The impact the internet and e-commerce have had on the retail industry is undeniable. However, while commerce experts have been predicting for many years that the e-com sector would soon overtake traditional high street sales, it’s only relatively recently that the online shopping model has taken off.

In 2019, just 14.1% of all global retail sales were made on e-com sites – by 2023, that figure is forecast to rise to 22%. With the meteoric rise of commercial titans like Amazon, Walmart, and Target, it seems populations globally are finally waking up to the convenience of shopping online – plus the substantial savings it can bring.

Moreover, from a retailer’s perspective, the online model offers significant benefits over real-world stores, including operating 24/7/365 at a fraction of the cost of holding stock in commercial premises. From automation to secure purchasing online and improved customer relations, the e-com style of selling is (in most ways) a dream come true for the majority of retailers.

The dangers presented by the e-com model

However, while moving online makes good sense for most retail operations, some associated risks are associated with e-retailing. As you might expect in such a high-worth sector, the dangers posed by cybercriminals are ever-present – though there are many other considerations retailers often overlook.

If you’re looking at embracing e-com technology – or even if you’re already operating – below are some of the most common problems faced by retailers online.

Shopping cart abandonment: One of the most frustrating and problematic areas of running an online store is the phenomenon of Shopping Cart Abandonment (SCA). In an SCA episode, a customer will browse the retailer’s site filling their cart with goods, only to suddenly become distracted by something else or simply leave the store without purchasing. Unfortunately, the problem is endemic across all e-com companies – big or small – and costs firms millions each year. Indeed, evidence shows 68% of all shopping carts are abandoned before transferring into a sale – and, in some cases, that figure can be as high as 80%.

Promo or coupon code abuse: Retailers typically run promo code discounts to gain new customers or encourage existing clients to make repeat sales. While these promotions can often be hugely successful, they are nonetheless extremely vulnerable to coupon abuse. The scale of the code abuse problem can run from the relatively innocuous (e.g., a customer creating a fake account to gain a small percentage discount on clothing) to potentially financially crippling scams developed by cybercriminals to fraudulently generate vast sums of money. In particular, referral codes where one user recommends another in return for a discount or financial reward are particularly prone – and very difficult to protect against.

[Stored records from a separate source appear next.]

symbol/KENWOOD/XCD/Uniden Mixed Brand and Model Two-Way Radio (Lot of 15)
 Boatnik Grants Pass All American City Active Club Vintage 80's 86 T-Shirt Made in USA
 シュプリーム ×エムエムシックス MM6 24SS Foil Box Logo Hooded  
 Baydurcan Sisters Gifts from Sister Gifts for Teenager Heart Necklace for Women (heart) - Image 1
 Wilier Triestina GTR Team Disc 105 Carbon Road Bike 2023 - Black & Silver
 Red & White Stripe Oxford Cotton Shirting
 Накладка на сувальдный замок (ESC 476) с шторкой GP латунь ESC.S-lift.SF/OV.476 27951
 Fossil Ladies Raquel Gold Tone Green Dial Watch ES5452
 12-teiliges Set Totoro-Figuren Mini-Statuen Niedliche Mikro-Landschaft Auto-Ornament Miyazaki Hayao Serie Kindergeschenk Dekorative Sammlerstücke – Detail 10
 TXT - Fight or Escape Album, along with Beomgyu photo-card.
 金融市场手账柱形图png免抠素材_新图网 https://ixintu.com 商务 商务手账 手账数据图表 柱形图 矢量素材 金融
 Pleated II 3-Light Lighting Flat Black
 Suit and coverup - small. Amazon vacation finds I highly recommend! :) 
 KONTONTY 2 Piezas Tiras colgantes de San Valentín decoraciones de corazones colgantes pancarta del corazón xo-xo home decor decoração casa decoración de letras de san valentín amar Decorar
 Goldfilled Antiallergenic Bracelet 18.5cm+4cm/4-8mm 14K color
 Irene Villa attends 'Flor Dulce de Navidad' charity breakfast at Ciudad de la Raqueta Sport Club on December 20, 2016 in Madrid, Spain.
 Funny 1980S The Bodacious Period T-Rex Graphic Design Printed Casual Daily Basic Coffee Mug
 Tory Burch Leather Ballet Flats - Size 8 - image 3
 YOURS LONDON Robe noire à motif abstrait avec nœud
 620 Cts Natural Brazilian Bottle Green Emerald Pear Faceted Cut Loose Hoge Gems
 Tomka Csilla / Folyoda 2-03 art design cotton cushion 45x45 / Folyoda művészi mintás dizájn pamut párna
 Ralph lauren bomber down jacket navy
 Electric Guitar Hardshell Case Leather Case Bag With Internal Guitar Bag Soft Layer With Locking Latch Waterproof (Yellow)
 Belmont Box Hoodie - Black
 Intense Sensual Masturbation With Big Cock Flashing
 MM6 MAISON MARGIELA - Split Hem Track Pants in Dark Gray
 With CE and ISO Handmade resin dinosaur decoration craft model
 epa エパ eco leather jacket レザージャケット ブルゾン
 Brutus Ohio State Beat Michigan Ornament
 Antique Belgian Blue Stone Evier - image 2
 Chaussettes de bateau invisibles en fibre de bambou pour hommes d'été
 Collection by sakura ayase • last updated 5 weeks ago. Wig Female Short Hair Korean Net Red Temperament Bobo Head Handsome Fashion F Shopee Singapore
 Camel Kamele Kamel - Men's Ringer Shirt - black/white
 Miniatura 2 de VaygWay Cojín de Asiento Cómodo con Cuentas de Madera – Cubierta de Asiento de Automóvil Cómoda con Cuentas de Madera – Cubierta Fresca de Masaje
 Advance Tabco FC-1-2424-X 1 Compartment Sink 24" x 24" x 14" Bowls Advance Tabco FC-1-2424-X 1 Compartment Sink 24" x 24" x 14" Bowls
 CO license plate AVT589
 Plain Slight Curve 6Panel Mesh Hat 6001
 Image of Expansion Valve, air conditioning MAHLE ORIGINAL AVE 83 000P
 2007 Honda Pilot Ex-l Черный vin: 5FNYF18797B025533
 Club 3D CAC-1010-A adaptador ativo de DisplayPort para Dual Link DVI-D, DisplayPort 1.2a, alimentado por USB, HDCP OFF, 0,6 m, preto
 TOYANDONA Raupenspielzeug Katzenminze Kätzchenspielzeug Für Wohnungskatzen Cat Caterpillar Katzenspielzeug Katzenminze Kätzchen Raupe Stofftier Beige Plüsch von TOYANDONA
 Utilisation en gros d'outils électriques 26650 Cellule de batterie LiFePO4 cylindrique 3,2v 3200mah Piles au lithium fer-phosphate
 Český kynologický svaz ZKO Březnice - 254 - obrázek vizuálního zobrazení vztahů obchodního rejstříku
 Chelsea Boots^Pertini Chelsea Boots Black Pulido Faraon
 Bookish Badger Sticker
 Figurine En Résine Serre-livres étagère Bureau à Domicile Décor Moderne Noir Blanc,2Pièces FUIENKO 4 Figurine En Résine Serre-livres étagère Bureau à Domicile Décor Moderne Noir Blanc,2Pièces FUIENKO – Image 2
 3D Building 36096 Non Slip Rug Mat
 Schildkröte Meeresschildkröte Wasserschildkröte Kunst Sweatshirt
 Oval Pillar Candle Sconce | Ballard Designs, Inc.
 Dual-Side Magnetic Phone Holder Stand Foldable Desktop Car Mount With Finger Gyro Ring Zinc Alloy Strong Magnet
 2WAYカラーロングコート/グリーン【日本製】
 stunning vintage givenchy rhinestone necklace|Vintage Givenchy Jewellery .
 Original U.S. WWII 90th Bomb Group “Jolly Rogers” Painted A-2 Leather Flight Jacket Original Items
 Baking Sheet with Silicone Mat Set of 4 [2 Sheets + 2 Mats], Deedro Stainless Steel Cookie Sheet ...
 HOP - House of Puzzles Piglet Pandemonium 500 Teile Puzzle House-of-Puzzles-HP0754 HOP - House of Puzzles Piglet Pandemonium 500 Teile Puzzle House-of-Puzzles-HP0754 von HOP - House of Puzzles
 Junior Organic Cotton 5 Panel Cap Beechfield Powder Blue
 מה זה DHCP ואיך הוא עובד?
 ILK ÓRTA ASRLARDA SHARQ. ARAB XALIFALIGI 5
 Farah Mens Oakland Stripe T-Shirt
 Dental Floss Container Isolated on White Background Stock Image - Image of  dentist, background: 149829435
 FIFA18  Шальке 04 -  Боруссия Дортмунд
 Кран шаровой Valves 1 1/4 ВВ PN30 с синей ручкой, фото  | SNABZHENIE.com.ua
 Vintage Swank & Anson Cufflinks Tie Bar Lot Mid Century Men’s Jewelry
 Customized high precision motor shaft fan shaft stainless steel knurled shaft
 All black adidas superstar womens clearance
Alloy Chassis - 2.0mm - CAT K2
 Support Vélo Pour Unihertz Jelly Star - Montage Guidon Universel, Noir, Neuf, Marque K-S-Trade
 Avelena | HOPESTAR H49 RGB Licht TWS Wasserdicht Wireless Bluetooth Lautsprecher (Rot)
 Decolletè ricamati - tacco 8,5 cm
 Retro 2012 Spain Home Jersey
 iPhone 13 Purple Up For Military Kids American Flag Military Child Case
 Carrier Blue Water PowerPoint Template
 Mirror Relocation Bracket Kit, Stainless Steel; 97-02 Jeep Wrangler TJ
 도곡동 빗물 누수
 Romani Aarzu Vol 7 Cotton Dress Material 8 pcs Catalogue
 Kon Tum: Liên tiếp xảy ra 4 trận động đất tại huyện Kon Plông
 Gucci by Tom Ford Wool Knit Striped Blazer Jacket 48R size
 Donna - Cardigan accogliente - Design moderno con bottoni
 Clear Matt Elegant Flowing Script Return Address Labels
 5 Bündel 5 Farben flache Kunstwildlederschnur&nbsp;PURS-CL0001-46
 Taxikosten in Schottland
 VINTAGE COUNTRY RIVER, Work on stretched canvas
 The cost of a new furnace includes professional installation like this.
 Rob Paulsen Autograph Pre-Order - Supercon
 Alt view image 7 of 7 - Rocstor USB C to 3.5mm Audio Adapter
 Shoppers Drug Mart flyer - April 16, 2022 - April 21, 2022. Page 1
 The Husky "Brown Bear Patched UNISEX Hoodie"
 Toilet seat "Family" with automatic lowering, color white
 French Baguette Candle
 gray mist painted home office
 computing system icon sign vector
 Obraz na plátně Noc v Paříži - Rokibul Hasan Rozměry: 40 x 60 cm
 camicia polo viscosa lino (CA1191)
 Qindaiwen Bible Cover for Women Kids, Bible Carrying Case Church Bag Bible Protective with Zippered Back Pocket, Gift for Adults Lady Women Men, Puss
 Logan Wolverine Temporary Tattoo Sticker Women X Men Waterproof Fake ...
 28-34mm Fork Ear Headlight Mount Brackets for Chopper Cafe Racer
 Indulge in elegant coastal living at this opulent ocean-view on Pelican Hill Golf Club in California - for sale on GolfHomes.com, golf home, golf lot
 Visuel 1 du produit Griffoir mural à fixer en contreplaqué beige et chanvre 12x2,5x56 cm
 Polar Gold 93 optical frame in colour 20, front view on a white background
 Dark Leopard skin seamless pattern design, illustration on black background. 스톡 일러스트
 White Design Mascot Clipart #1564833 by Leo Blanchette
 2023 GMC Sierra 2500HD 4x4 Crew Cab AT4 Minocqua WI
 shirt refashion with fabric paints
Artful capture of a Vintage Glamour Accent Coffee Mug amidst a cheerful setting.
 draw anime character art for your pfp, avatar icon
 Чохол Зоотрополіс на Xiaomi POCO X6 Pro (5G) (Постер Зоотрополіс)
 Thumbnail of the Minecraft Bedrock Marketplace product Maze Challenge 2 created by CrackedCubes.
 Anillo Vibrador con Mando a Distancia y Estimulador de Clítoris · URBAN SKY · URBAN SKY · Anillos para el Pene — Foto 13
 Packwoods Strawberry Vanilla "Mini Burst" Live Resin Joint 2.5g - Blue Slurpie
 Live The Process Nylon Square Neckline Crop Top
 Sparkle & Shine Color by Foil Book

Cyberattacks: Where there is money to be made, you can be sure the fraudsters won’t be far behind, and the e-com industry is no exception, unfortunately. In recent years, cybercriminals have become increasingly more inventive and sophisticated in the types of attacks they’re launching against both online stores and their customers. From launching Distributed Denial of Service (DDoS) attacks against sites to phishing scams masquerading as a recognized company to brute force attacks to hack into a site’s underlying code and database, the tactics used by online criminals are as varied as they are dangerous. For the best protection against online criminals, you should look at entrusting the development and running of your site and its e-com functions to a trusted web design company, host, and security provider.

Developing customer and brand loyalty: While selling online drastically cuts a shop’s overhead in terms of staff, stock, and premises, this reduction in interpersonal contact also presents another problem – namely, that it’s much harder to develop a relationship with consumers through technology and a screen. However, if a company doesn’t succeed in building brand loyalty, it will ultimately struggle. Research shows it costs five times more to source a new customer than it does to retain an existing one – plus the old Pareto Principle states just 20% of a firm’s clients generate around 80% of its sales. To combat the problem, try installing a live chat function on your site to encourage your trustworthiness and develop communication with potential customers. You should also be fully transparent with your contact details/terms and conditions and also ensure you provide the best possible customer experience and support. Customer Relationship Management (CRM) software can largely automate the task of customer care and support.

Returns and refunds: Shoppers will inevitably return goods from time to time – however, how you handle returns is vitally important if your e-com venture is to succeed. Somewhat unsurprisingly, given the blind nature of buying online, over 60% of all e-com shoppers check a store’s returns policy before making a purchase – with 80% saying that overly complex returns or refunds policies put them off buying in the first place.